I felt a bit scandalized. First an interior designer, now a housekeeper? Who was I becoming? People like me don’t have maids, right? But, I hired one and then I analyzed the transaction as I would any stock:

  1. Hiring a cleaner is supporting the economy and creating a local job
  2. Part of what I am paying for is efficiency and product. A cleaner can do the same job in one hour that would take me five. He or she is just more practiced at cleaning. Some people take pride in it and it’s truly a craft. Also, he or she is using products that are probably expensive but can cut through soap scum without all the elbow grease.
  3. Peace of mind is priceless. Suddenly a crumb on the floor is just a crumb, and not representative of Yet Another Thing I Have To Take Care Of.
  4. It is amazing how knowing that the cleaners are coming in a few weeks would help me to relax about dirt and grime in my home. I knew it would eventually be gone, and so I could just live in my space and relax and not always be thinking, “I should be doing X.”
  5. Marital satisfaction increases. Hiring a housekeeper is an investment in one’s marriage.
  6. Knowing the cleaners are coming forced me to straighten up ahead of their visit. I want their time spent on cleaning, not organizing my mail. So, I got a blast of motivation to organize ahead of the cleaner’s visit.
  7. When the cleaner leaves, it’s heavenly! Coming home to a clean house is such an amazing feeling! I feel refreshed and renewed. I feel happier in a clean space. Energy boost.

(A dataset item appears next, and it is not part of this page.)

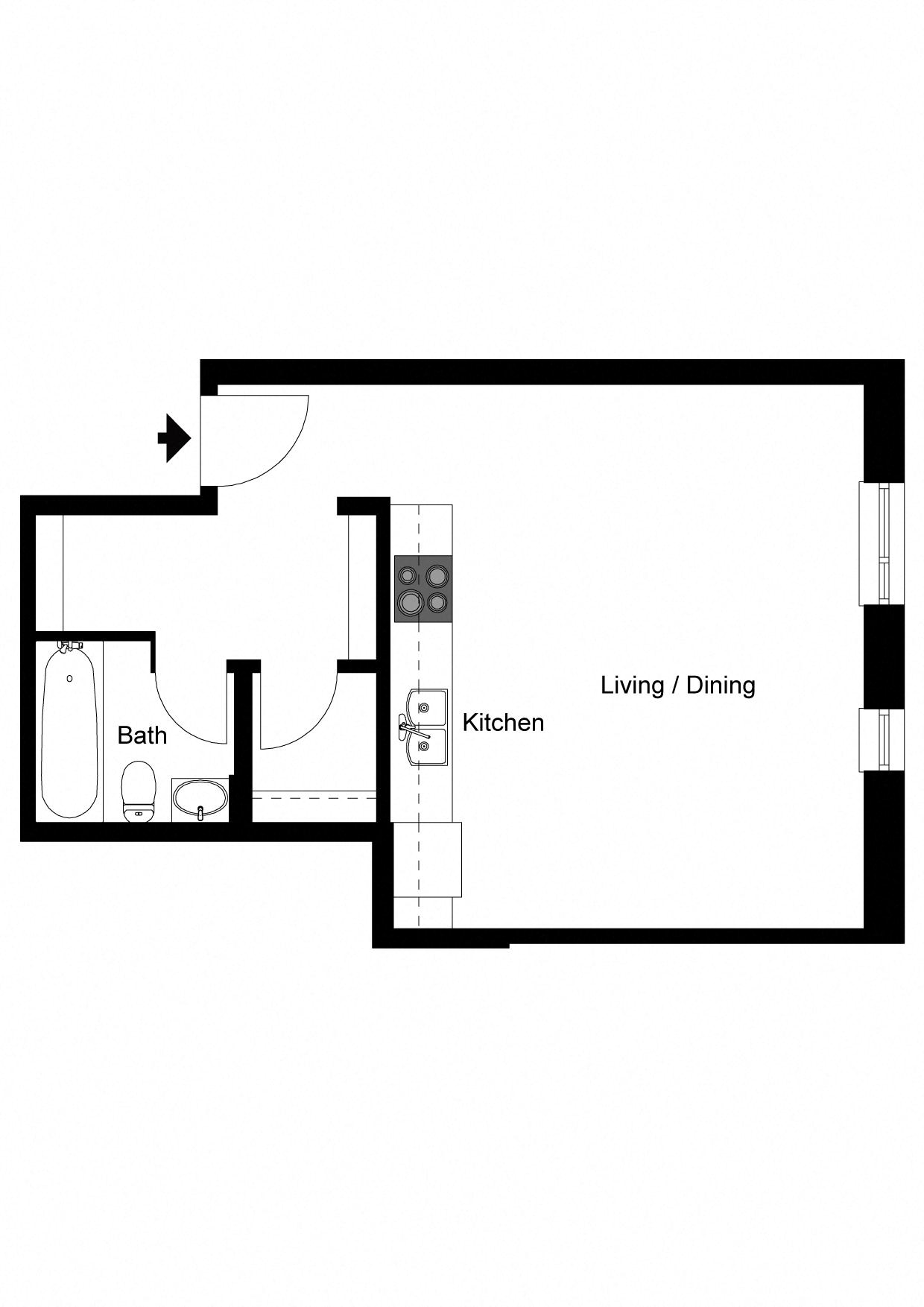 Floor plan for studio, 1 bath, 414 sqft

And that’s how my life went for the next six years — my personal payroll grew. I hired professionals who have specialized so that I could specialize. For my performance to soar as a stock analyst, I had to streamline my life.

On and on it went until I was at the point where I’d outsourced almost everything mundane or not related to my primary means of making an income. Grocery delivery. In-home au pair for child care. Accountant. Housekeeper.

And then one day earlier this year, I was in my front yard with my little girl and husband, and I pulled a weed. And then I pulled another weed. And another.

And an hour later, the whole family had weeded the yard and we all felt great. I turned to my husband and said, “Why are we paying people to do this for us?”

By this point, work, motherhood, and maintaining baseline fitness took up every spare second of my life. There simply wasn’t time to pull weeds. But I realized something huge about myself: I like digging in the dirt. It clears my mind and it feels productive and good.

After that, we let go of our yard staff and I started putting in fewer hours at work. It was a conscious and considered choice.

I took it to the extreme — hiring out many things, especially certain aspects of child care and our morning routine, that I really wanted to do myself.

My Wall Street predisposition tells me to hire someone to build this Web site. I’m not a Web design pro. But, building my own Web site feels satisfying — so much so that I’m willing to risk having it be not perfect so that I can get the benefit of learning and creating something new. I am spending hours doing something that a pro could do in 15 minutes. But it’s worth it because I love learning. Energy boost.

When in doubt, hire it out — or teach yourself.

What tasks boost your energy? Which tasks drain? What could you outsource? What have you already outsourced that you’d maybe like to do yourself?